Mailing list posts and notable quotes

  • 'file' URI conventions (13 July 2004) - Mike Brown brings up many issues that complicate the mapping of file system paths to URIs
  • What to do about file: (19 August 2004) - Paul Hoffman points to a now-expired Internet-Draft that was just RFC 1738's 'file' URI section pulled out into a separate document, and asks about courses of action:
    • Publish it as-is (which would accomplish nothing other than hastening the retirement of RFC 1738)
      • "no" — Larry Masinter
    • Prescribe what implementations SHOULD do, knowing that such a prescription is bound to break many/most existing implementations
      • "this would be useful if it were accompanied by documentation of the caveats." — Larry Masinter
    • List many more interpretations that current implementations use, but not say whether or not to do them
      • avoid making gratuitous recommendations, but not ALL recommendations — Larry Masinter
    • Say more about the wide variety of interpretations, but don't list them so as not to confuse readers
      • It's more useful to describe useful. — Larry Masinter

An RFC that says, essentially, "Internet Explorer on post-4.0 versions on Windows platforms does X, while Gecko-based engines on linux platforms do Y, on Windows platforms do Z, while the popular LWP perl library does W, java.net.URI does U…" would feel profoundly weird to me. — Tim Bray [1]

Not all RFCs prescribe standards, and this is information that would be profoundly useful to the Internet community. … It would be excellent to have a single reasonably authoritative place to go, rather to have to run one's own experiments all the time. — John Cowan [2]

File system path to URI

When converting from any file system path to a URI, questions to consider include the following.

For what kind of file system is the path?

  • MS-DOS and Windows: FAT16, VFAT, FAT32, NTFS
  • Unix-like OSes: UFS, UFS2, ext2, ext3, ReiserFS V3, Reiser4
  • Legacy Mac OS: HFS+

There are differences in how these file systems store directory entries, what characters they allow, how paths manifest in internal APIs, and how paths manifest to the end user of the OS.

If the path's file system is not known…

…what should you do?

  • Assume the path is from a default file system for the local OS? Many OSes offer a choice of file systems.
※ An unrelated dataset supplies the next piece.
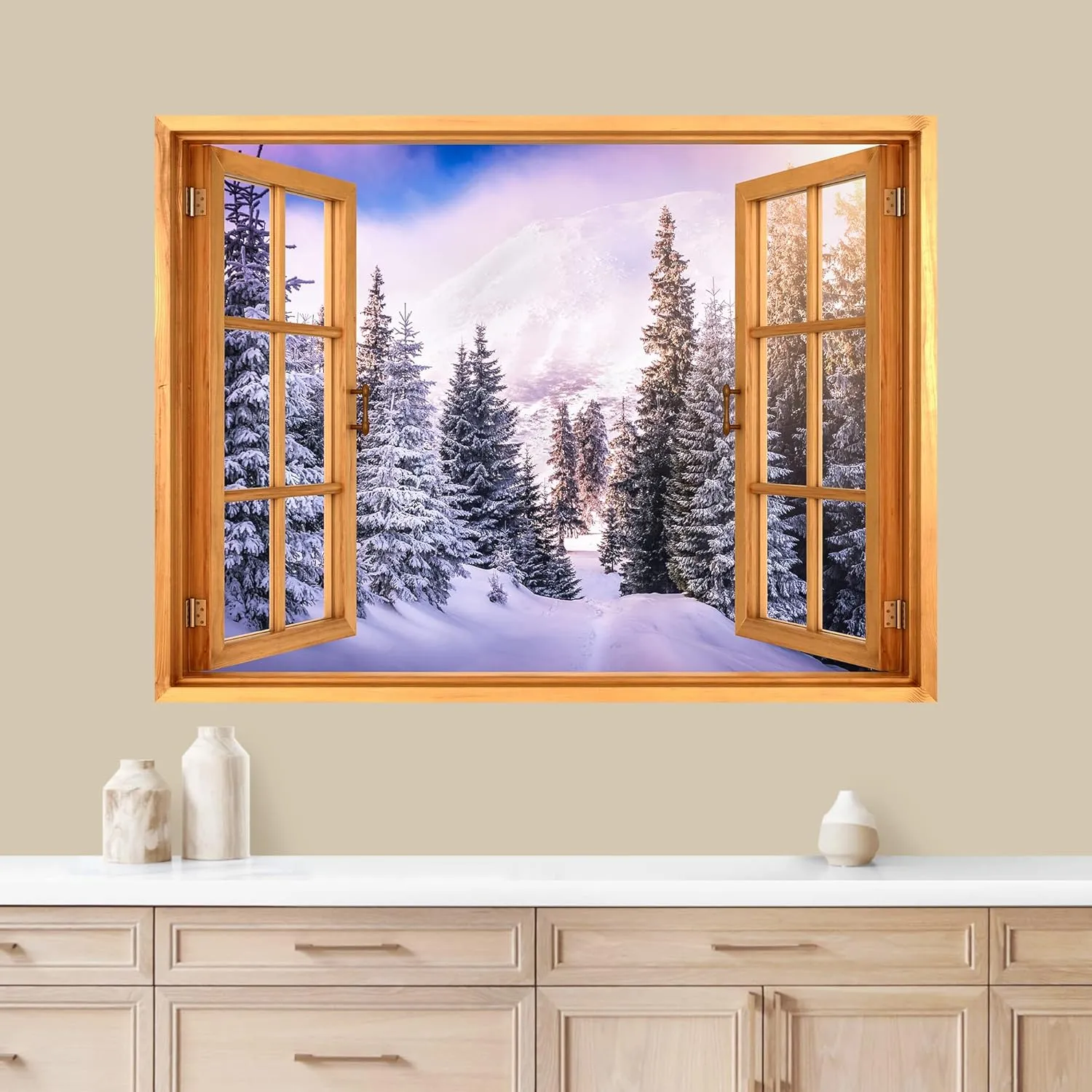 wall26 Removable Wall Sticker/Wall Mural Window View Winter Snow Pine Tree Mountain Forest Wilderness Nature Photography Realism Rustic Landscape Colorful for Living Room, Bedroom, Office - 36"x48"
How can you be sure you got it right? Is there a "good enough", file system-agnostic fallback?
  • Maybe just reject the path? IOW, just say that the file system type must be known.

If the path's file system is not recognized…

…what should you do?

  • Reject the path?
  • Use a default algorithm, like just prepending 'file:' and doing whatever percent-encoding is required?

Is the path 'absolute'?

  • If it's a UNIX path, whether it starts with "/" is the only qualification, I believe.
  • If it's a Windows path, it could be absolute if it matches the regular expression ^(\\|[A-Za-z]:) - that is, it either starts with "\" or a drivespec (an ASCII-range letter followed by ":").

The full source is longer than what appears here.